Problem description » Beginning with the line that holds "Roasted salted almonds on a plate." and finishing with the line that holds "Graduation senior photos", repeat the listing exactly, leaving every picture out.

Dataset records »
# # #
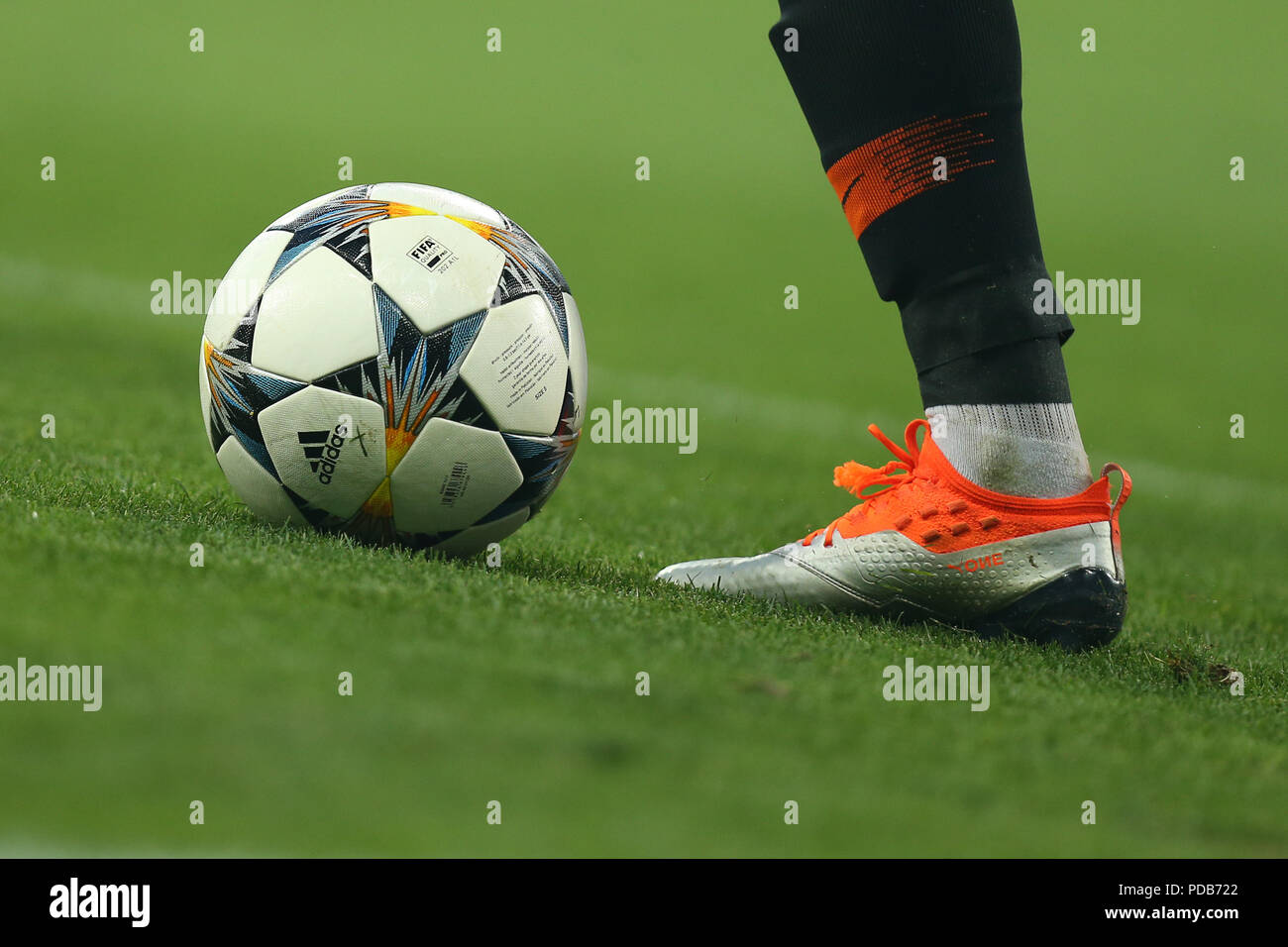 3 AUGUST, 2018 - KIEV, UKRAINE: Official match ball of UEFA Champions  League dribbled by player with Puma silver boots isolated on the green  pitch Stock Photo - Alamy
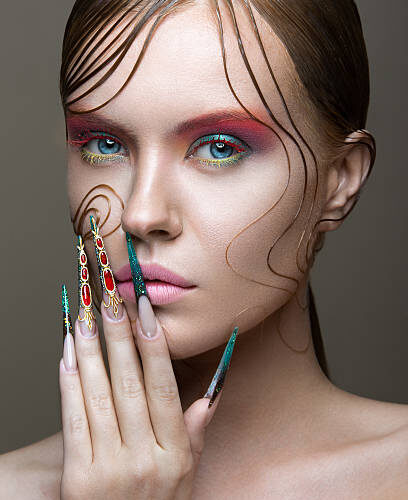 Model showcasing unique, jeweled nail designs at Armani Nail Boutique, located in the heart of Vancouver.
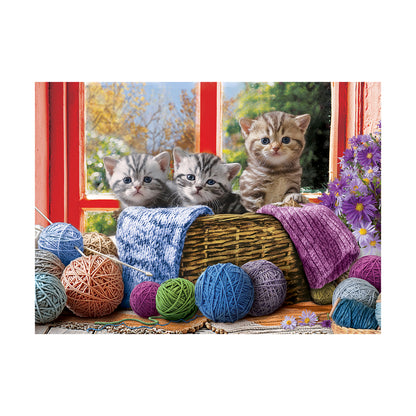 Three tabby kittens looking out a red window beside a wicker basket with colorful yarn balls and knitted blankets, purple flowers visible on right side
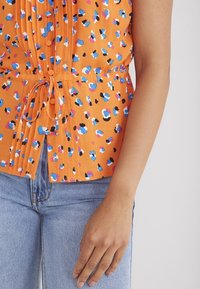 Kortärmad, orange topp med ett samlat mönster. Har flerfärgade prickar, knappar och en knytning i midjan. Bärs med blå jeans.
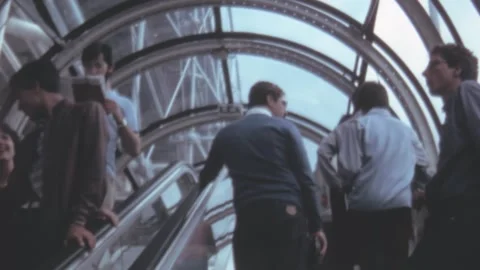 Paris - 1981: People up and down on escalators Stock Footage 246477160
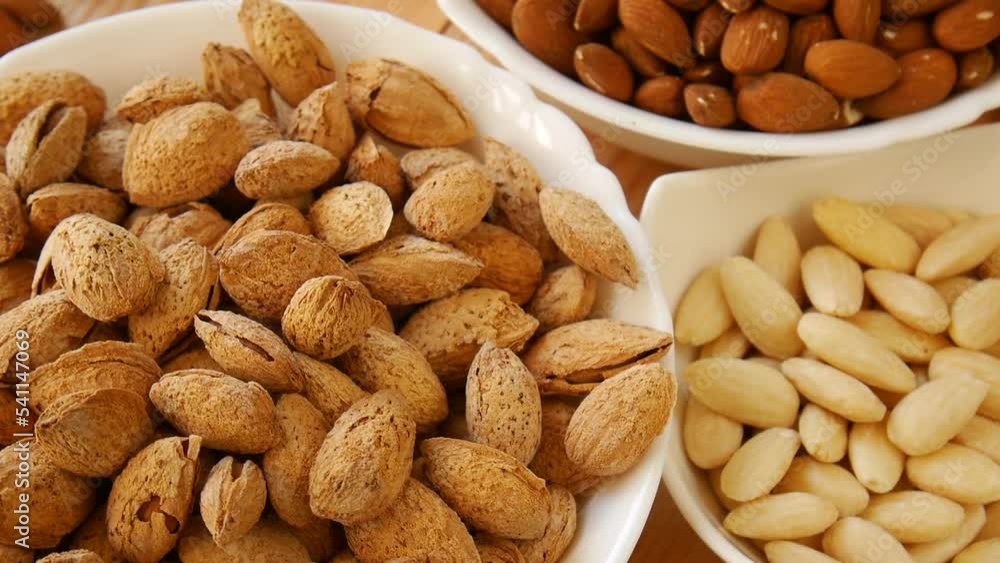 Roasted salted almonds on a plate.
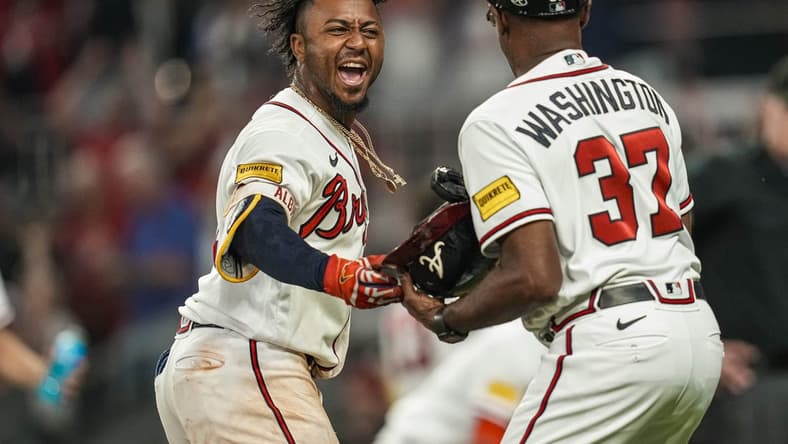 Jun 8, 2023; Cumberland, Georgia, USA; Atlanta Braves second baseman Ozzie Albies (1) reacts by handing his helmet to third base coach Ron Washington (37) after hitting a walk off three run home run against the New York Mets during the tenth inning at Truist Park. Mandatory Credit: Dale Zanine-USA TODAY Sports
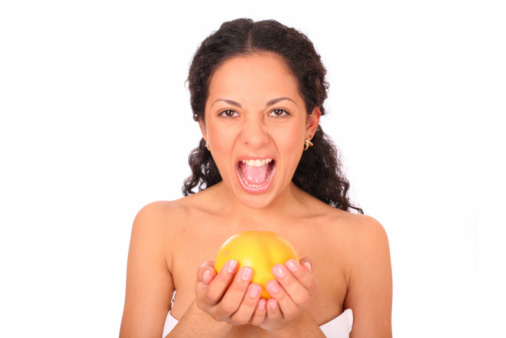 A woman holds an orange in her hands, standing on white background.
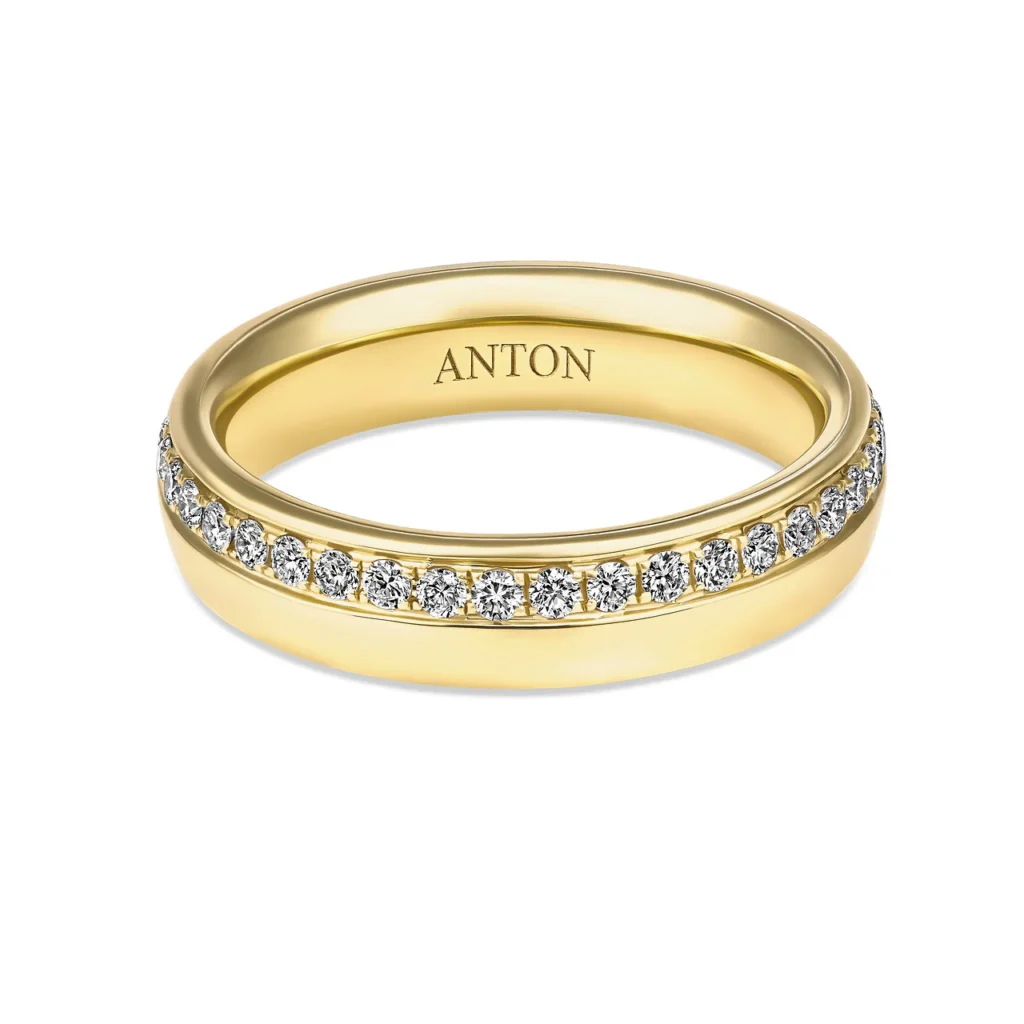 Gold ring with diamond accents engraved with the name ANTON, showcasing elegance and luxury jewelry design.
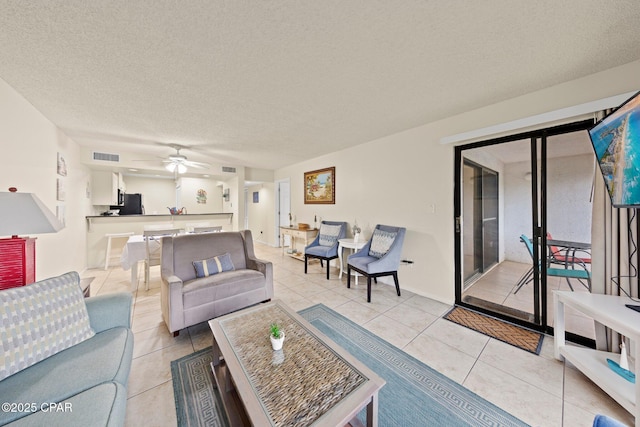 520 N Richard Jackson Blvd Unit 1804, Panama City Beach, FL 32407 - living room featuring light tile patterned floors, a ceiling fan, and a textured ceiling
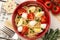 Warm salad with pasta, mozzarella and tomatoes.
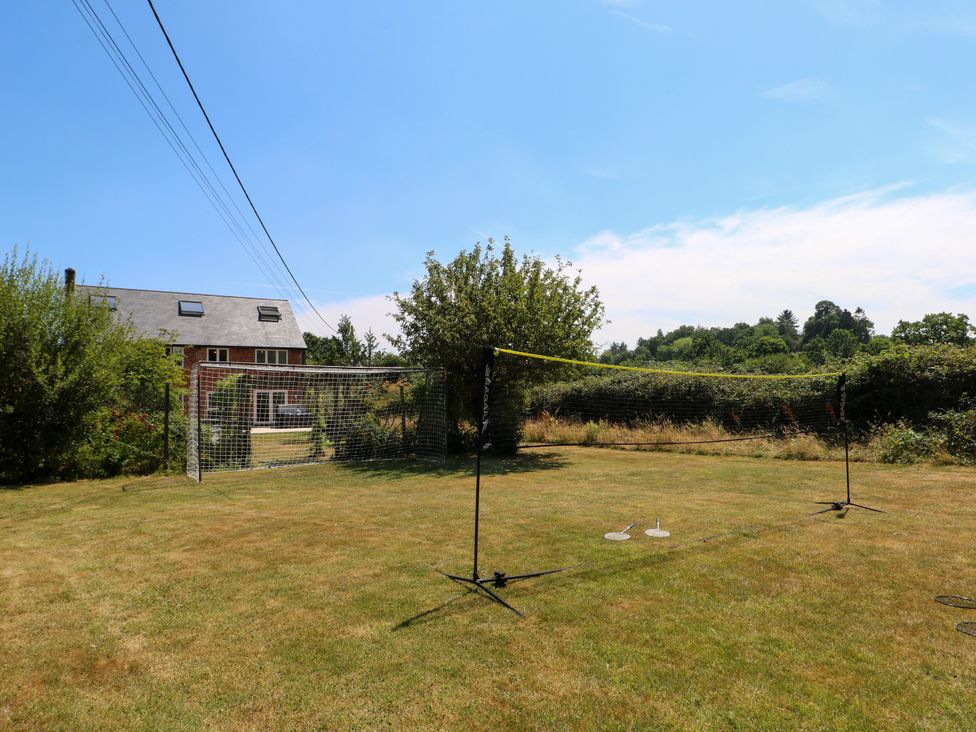 An outdoor area featuring a volleyball net and a house in the background at Perry Dees in Minstead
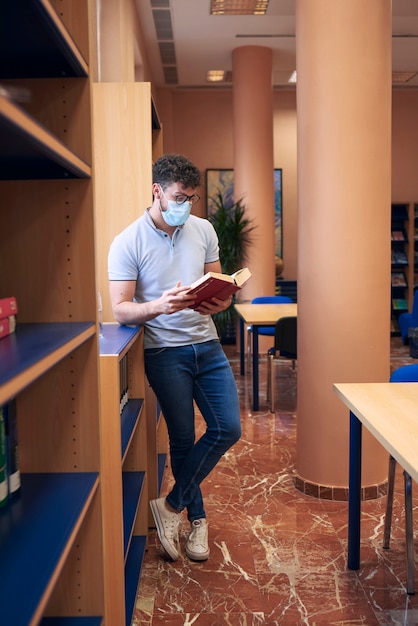 A young boy with a mask is standing checking out a book in the library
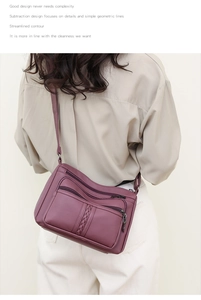 Detailed back view of a purple textured leather crossbody bag with multiple zippers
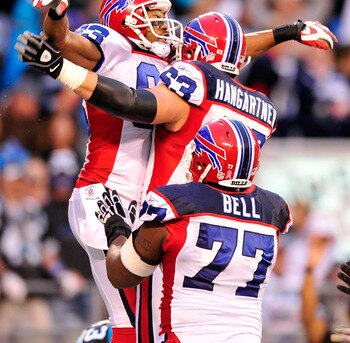 CHARLOTTE, NC - OCTOBER 25:  Lee Evans #83, Geoff Hangartner #63 and Demetrius Bell #77 of the Buffalo Bills celebrate Evans' touchdown against the Carolina Panthers at Bank of America Stadium on October 25, 2009 in Charlotte, North Carolina. Buffalo won 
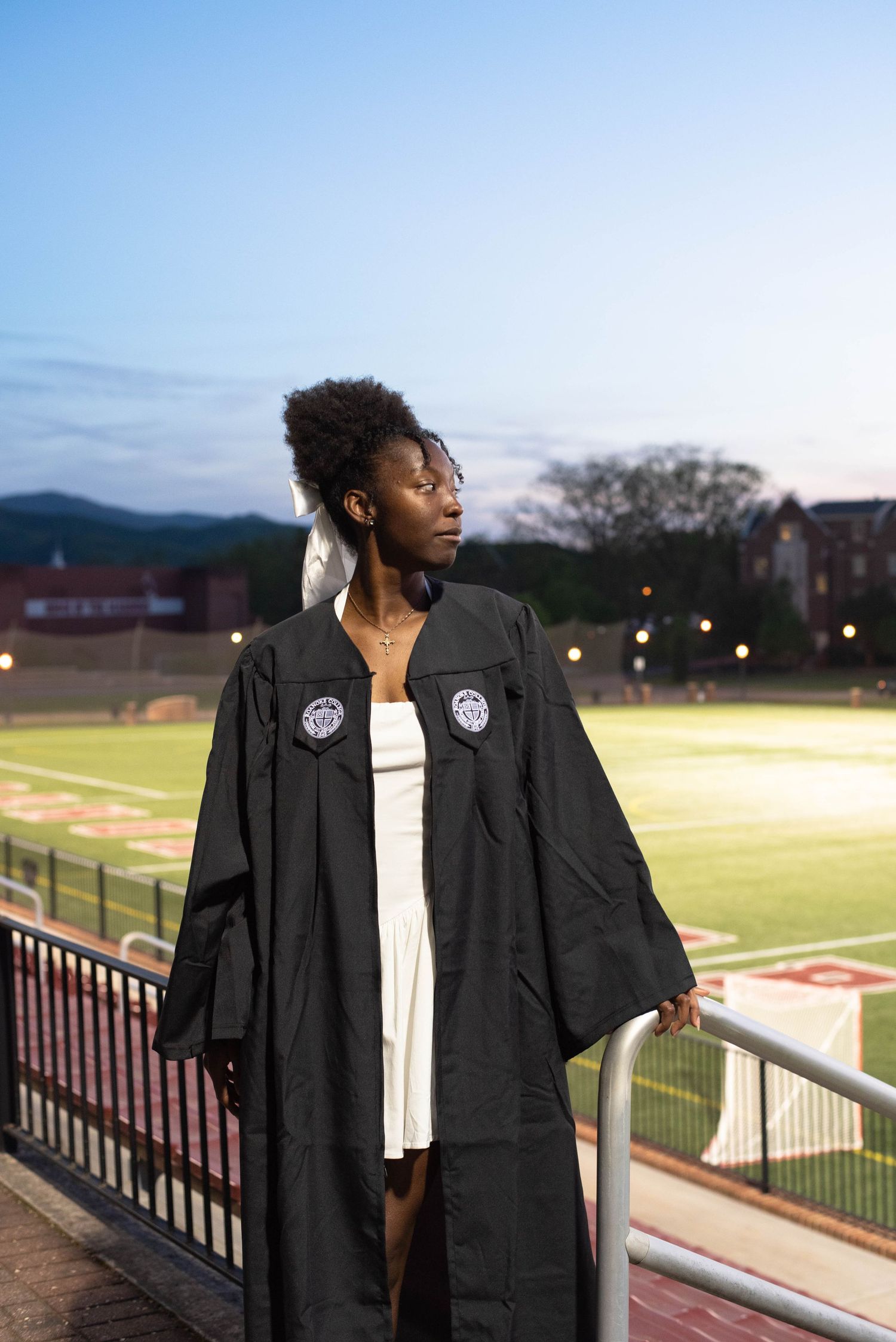 Graduation senior photos of a girl looking into the distance on campus.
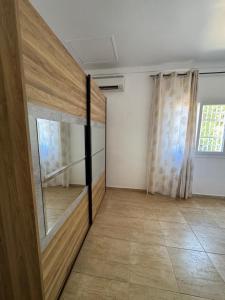 Cette chambre dispose d'une porte coulissante en verre et d'une fenêtre. dans l'établissement Grand T2 Bwereny'S Lodge - Passamainty, à Mamoudzou 3 autres photos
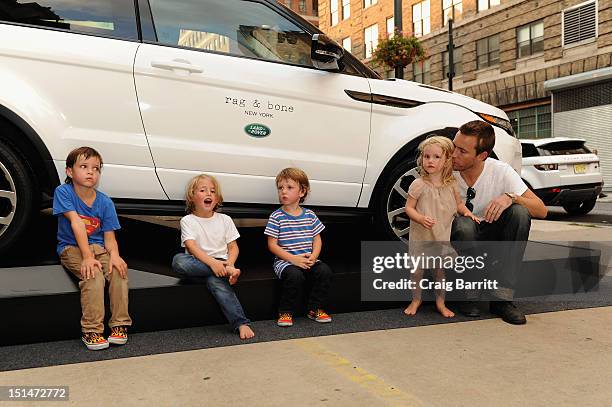 Designer David Neville and children pose in front of the Range Rover Evoque outside the Rag & Bone Spring 2013 fashion show, sponsored by Land Rover...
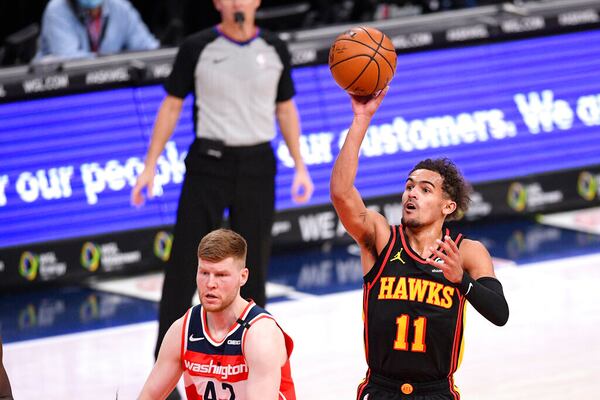 Atlanta Hawks guard Trae Young (11) shoots over Washington Wizards forward Davis Bertans (42) during the first half of an NBA basketball game, Friday, Jan. 29, 2021, in Washington. (AP Photo/Nick Wass)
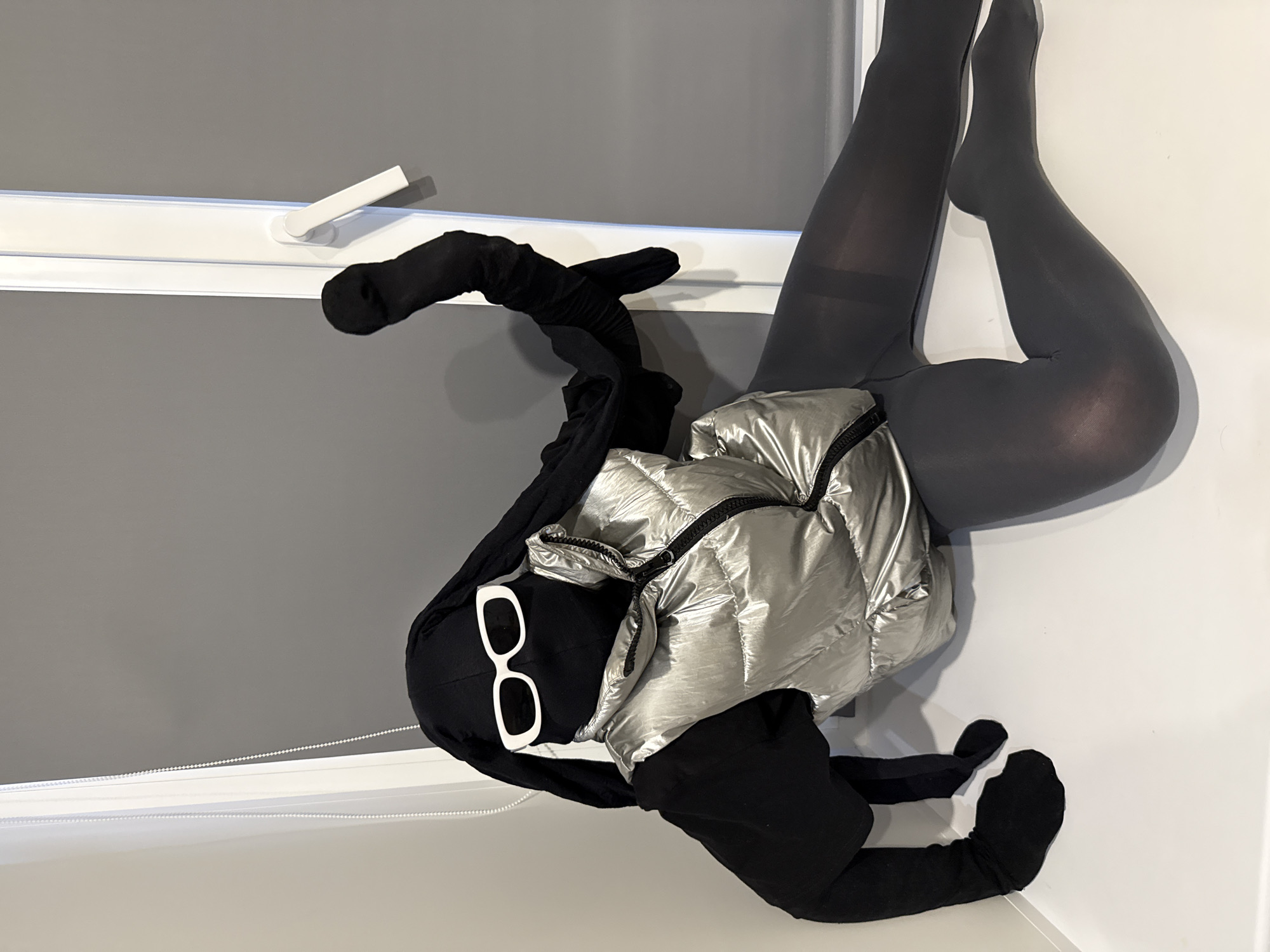 An indoor, vertical shot depicts a stylized, mannequin-like figure dressed in a contemporary, monochrome outfit, posed in a reclining position against a white wall. The scene is set in what appears to be a modern room, possibly in Rusanovo, Russia, with a window and a grey roller blind in the background.
The figure is entirely covered in dark grey or black form-fitting fabric, resembling a full-body suit or tights, with separate pieces for the arms and legs. It wears a shiny, silver puffer vest that features a prominent black zipper down the front. A black balaclava-style head covering obscures the face, except for the addition of distinct white, rectangular-framed sunglasses. Black gloves or mittens cover the hands, and black fabric covers the feet, similar to socks or part of the suit.
The figure's pose is dynamic, with its legs bent, the knees drawn up, and ankles crossed, resting against the clean white wall. One arm is bent, with the hand positioned near a white window frame or sill, while the other arm is also bent, appearing to rest on the figure's side. The background features a large grey window blind, pulled down to cover part of the window, with a white window frame visible beneath it. A white beaded chain, likely for operating the blind, hangs loosely. The overall impression is an artistic display or fashion showcase, emphasizing the clothing and silhouette rather than human interaction. There is no visible text in the image.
# # #
Exercise answer »
 Roasted salted almonds on a plate.
 Jun 8, 2023; Cumberland, Georgia, USA; Atlanta Braves second baseman Ozzie Albies (1) reacts by handing his helmet to third base coach Ron Washington (37) after hitting a walk off three run home run against the New York Mets during the tenth inning at Truist Park. Mandatory Credit: Dale Zanine-USA TODAY Sports
 A woman holds an orange in her hands, standing on white background.
 Gold ring with diamond accents engraved with the name ANTON, showcasing elegance and luxury jewelry design.
 520 N Richard Jackson Blvd Unit 1804, Panama City Beach, FL 32407 - living room featuring light tile patterned floors, a ceiling fan, and a textured ceiling
 Warm salad with pasta, mozzarella and tomatoes.
 An outdoor area featuring a volleyball net and a house in the background at Perry Dees in Minstead
 A young boy with a mask is standing checking out a book in the library
 Detailed back view of a purple textured leather crossbody bag with multiple zippers
 CHARLOTTE, NC - OCTOBER 25:  Lee Evans #83, Geoff Hangartner #63 and Demetrius Bell #77 of the Buffalo Bills celebrate Evans' touchdown against the Carolina Panthers at Bank of America Stadium on October 25, 2009 in Charlotte, North Carolina. Buffalo won 
 Graduation senior photos of a girl looking into the distance on campus.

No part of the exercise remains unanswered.